Records shown:
##########
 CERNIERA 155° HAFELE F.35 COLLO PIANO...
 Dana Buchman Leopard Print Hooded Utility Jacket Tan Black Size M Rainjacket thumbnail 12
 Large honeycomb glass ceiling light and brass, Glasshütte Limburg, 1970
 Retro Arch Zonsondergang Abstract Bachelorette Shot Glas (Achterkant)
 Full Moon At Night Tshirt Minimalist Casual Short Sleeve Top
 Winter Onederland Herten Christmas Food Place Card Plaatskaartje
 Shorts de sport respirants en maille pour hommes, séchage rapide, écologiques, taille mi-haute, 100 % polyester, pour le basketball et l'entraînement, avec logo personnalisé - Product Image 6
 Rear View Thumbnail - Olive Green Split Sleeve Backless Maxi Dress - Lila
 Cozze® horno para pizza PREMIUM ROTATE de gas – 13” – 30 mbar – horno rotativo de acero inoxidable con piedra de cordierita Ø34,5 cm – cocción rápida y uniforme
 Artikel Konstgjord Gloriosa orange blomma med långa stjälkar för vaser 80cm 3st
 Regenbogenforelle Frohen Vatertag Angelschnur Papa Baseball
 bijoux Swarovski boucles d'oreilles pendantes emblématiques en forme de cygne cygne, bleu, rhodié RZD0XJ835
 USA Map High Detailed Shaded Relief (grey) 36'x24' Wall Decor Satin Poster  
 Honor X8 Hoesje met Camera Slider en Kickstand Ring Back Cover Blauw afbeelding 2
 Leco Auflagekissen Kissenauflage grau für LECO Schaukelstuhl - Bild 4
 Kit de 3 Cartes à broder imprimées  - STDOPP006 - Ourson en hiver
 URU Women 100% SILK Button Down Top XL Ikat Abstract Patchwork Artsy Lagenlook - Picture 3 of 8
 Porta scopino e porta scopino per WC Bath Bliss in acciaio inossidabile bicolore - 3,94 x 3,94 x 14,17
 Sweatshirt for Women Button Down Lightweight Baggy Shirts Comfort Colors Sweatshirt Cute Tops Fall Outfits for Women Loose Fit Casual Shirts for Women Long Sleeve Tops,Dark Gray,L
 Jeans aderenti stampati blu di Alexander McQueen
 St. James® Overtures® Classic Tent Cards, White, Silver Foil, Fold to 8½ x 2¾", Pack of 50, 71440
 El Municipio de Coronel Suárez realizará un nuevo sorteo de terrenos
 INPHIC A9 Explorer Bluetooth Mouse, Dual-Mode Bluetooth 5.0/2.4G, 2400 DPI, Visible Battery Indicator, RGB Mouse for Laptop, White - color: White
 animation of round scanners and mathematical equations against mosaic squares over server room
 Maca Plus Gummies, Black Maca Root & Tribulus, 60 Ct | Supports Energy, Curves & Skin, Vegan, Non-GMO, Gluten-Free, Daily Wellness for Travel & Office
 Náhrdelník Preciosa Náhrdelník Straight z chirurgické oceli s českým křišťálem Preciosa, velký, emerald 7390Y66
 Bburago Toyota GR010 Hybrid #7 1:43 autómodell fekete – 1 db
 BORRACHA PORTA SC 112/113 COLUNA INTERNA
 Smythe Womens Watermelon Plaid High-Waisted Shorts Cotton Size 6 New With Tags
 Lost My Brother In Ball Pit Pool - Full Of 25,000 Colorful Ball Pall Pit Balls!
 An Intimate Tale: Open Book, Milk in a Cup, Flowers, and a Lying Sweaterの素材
##########
Task goal:
Please give the number of lines above that contain "Shorts", without any other words.

Exercise response:
2